[EXCERPTED DATA Boundary: Start]

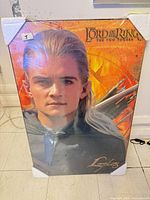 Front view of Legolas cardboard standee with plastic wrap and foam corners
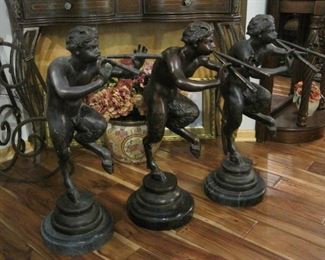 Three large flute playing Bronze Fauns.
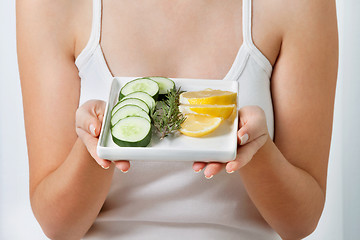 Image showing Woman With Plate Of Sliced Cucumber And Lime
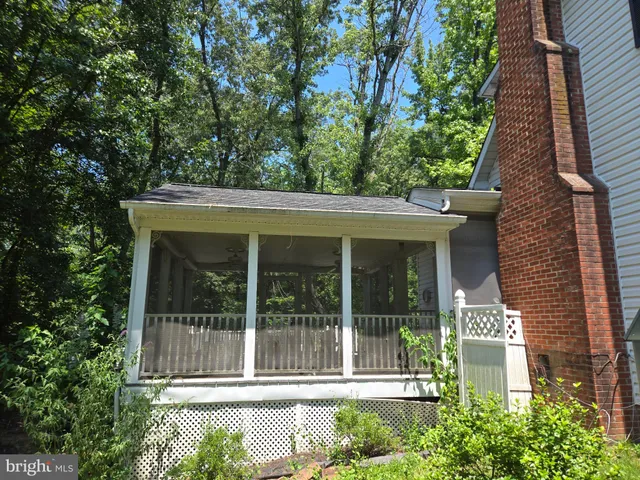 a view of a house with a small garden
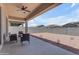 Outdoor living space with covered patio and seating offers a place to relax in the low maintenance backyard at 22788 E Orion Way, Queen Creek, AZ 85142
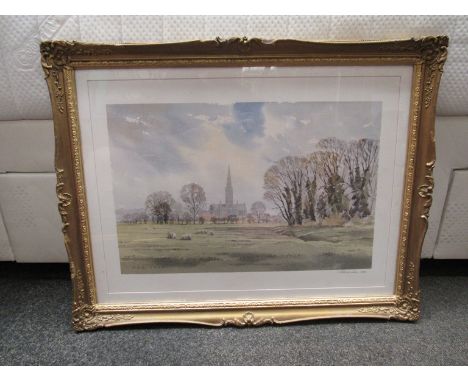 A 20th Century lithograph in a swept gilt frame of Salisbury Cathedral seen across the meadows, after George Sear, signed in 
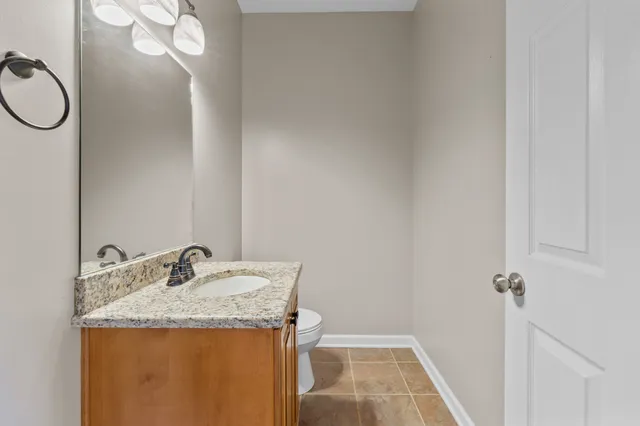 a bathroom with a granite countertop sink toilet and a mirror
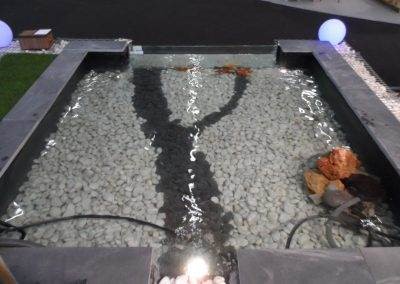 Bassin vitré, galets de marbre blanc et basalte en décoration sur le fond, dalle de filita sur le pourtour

[EXCERPTED DATA Boundary: End]

■ **TASK DETAILS**
Copy the records above exactly, leaving out every picture.

■ **SOLUTION FOR THIS TASK**
 Front view of Legolas cardboard standee with plastic wrap and foam corners
 Three large flute playing Bronze Fauns.
 Image showing Woman With Plate Of Sliced Cucumber And Lime
 a view of a house with a small garden
 Outdoor living space with covered patio and seating offers a place to relax in the low maintenance backyard at 22788 E Orion Way, Queen Creek, AZ 85142
 A 20th Century lithograph in a swept gilt frame of Salisbury Cathedral seen across the meadows, after George Sear, signed in 
 a bathroom with a granite countertop sink toilet and a mirror
 Bassin vitré, galets de marbre blanc et basalte en décoration sur le fond, dalle de filita sur le pourtour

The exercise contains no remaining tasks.